Il n'en va pas de même de la Grande-Bretagne, qui, importatrice nette de produits agricoles, est avantagée dans sa politique d'approvisionnement. La Grande-Bretagne dispose de paysans, de farmers, particulièrement efficaces, et elle se préoccupe surtout de fournir à ses consommateurs des denrées au meilleur prix. Elle est d'autant plus encouragée à le faire que la charge du fonctionnement des MCM est supportée par la Caisse européenne, le Fonds européen d'orientation et de garantie agricole (FEOGA). La Grande-Bretagne accepte néanmoins de dévaluer la livre verte de 7,5 % en janvier. L'Allemagne et les pays du Bénélux, pays à monnaie forte, restent attachés aux montants compensatoires pour des motifs différents de ceux de la Grande-Bretagne. La poussée vers la hausse des monnaies de ces pays contraindrait, en bonne logique, leurs gouvernements à réévaluer leurs monnaies vertes, ce qui se traduirait, pour les agriculteurs des pays intéressés, par une baisse relative des prix agricoles par rapport aux autres prix. Une opération difficile à faire admettre. Alors que le recours aux montants compensatoires offre toute facilité, puisque le mécanisme s'analyse alors comme une taxe qui frappe les produits importés et comme une subvention versée aux produits exportés. C'est tout bon, et c'est ce qui explique le poids grandissant que prend la production de l'Allemagne de l'Ouest dans l'économie agricole européenne.

Historique

Toute la difficulté provient du fait que la politique agricole commune a été conçue au moment où les parités monétaires étaient fixes. Premier accroc en 1969, quand la France dévalue le franc et l'Allemagne réévalue le mark. Pour ne pas modifier d'autant les parités des monnaies qui servent au calcul des prix agricoles, on invente alors les MCM.

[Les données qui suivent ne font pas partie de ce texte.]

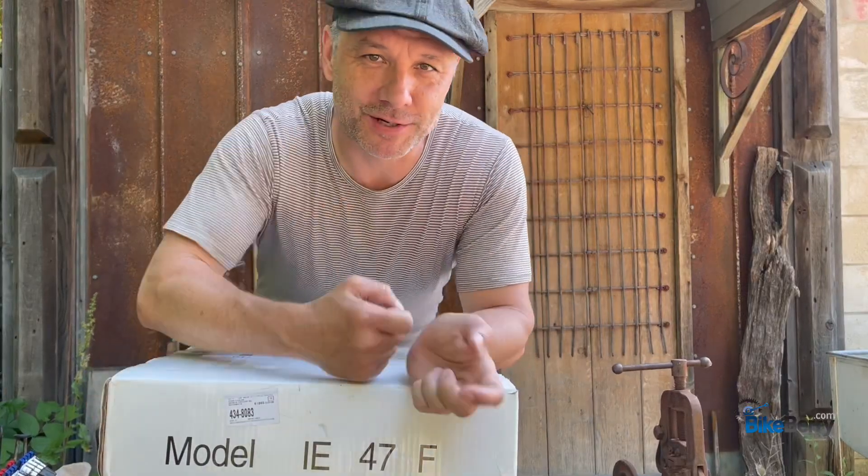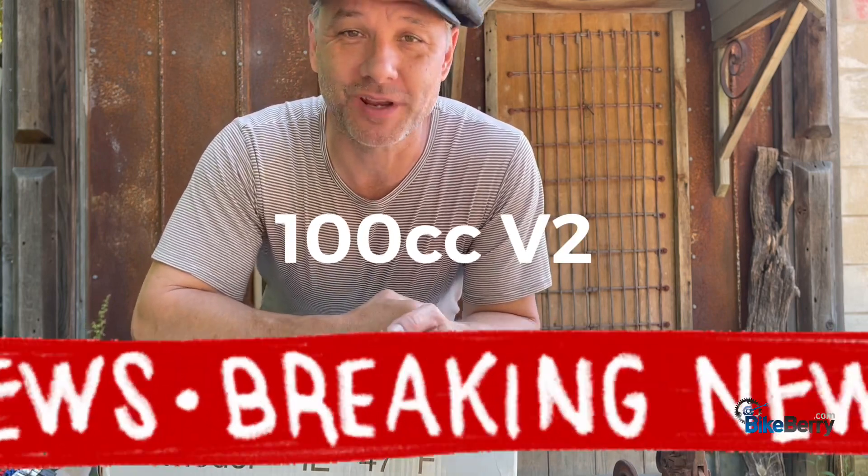Hey, Tony here from Bike Bear. I have a very special gift right here — a brand new 100cc two-stroke engine.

Le recours au montant compensatoire apparaît inéluctable lorsque la baisse d'une monnaie vient fausser la concurrence et briser le principe de base du Marché commun agricole de l'unicité des prix. Il a fallu y recourir d'une manière systématique lorsque le système monétaire s'est désorganisé, avec la suppression de la convertibilité du dollar en août 1971 et l'instauration des changes flottants en décembre 1971. À partir de janvier 1972, la Communauté européenne a instauré un système généralisé de montants compensatoires variables, pour tenir compte des fluctuations monétaires et maintenir plus ou moins artificiellement l'unicité des prix communautaires, la préférence communautaire et la libre circulation des produits, c'est-à-dire les trois principes de l'Europe verte.

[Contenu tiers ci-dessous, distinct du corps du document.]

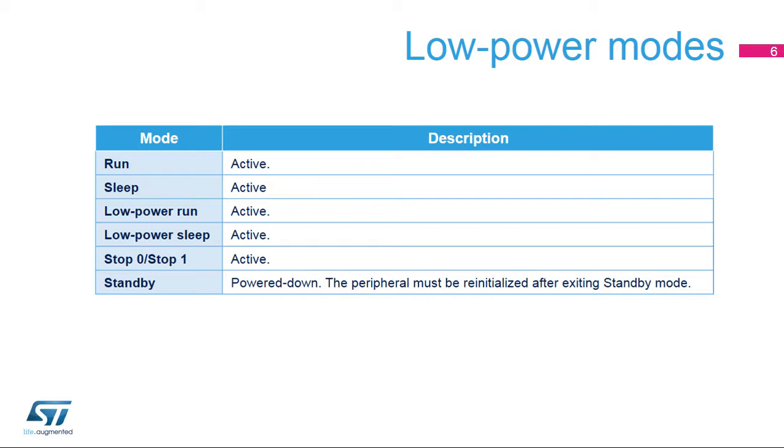The VREF buffer is active in the following power modes: run, sleep, low power run, low power sleep, stop zero, and stop one modes. In standby and shutdown modes, the VREF buffer is powered down and it must be re-initialized after waking up from these modes.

Mais, si l'acquis communautaire est ainsi sauvegardé tant bien que mal, le système fait apparaître de graves inconvénients.

Coût

La correction monétaire est incomplète : elle n'intervient que lorsque la variation hebdomadaire dépasse 1 %. Elle n'intervient que pour les produits pour lesquels il existe des mécanismes permanents d'intervention (blé, sucre, viande). En revanche, la distorsion monétaire joue à plein pour les produits où le prix du marché se forme librement (fruits et légumes). Il y a donc des distorsions de traitement entre les secteurs de production. Autre inconvénient, les relations commerciales sont dégradées : c'est le commerçant qui fait l'avance du montant compensatoire, et il est remboursé plus ou moins vite selon les pays.

Le système est également très coûteux : la somme des montants octroyés par le FEOGA est très supérieure à celle des montants qu'il reçoit. Il s'ensuit pour le budget agricole un supplément de dépenses devenu considérable, et grossissant d'année en année : l'équivalent de 700 millions de francs en 1974, 2 milliards en 1975 et plus de 5 milliards (chiffre record) en 1976. Ces dépenses représentent plus de 20 % du budget du FEOGA. Le déséquilibre est accentué par le fait qu'on utilise les taux verts pour calculer les paiements du FEOGA aux États membres, mais qu'on utilise toujours les anciennes parités du FMI pour évaluer les contributions de ces mêmes États membres au fonds agricole, ce qui pénalise les pays à monnaie forte comme l'Allemagne et les Pays-Bas.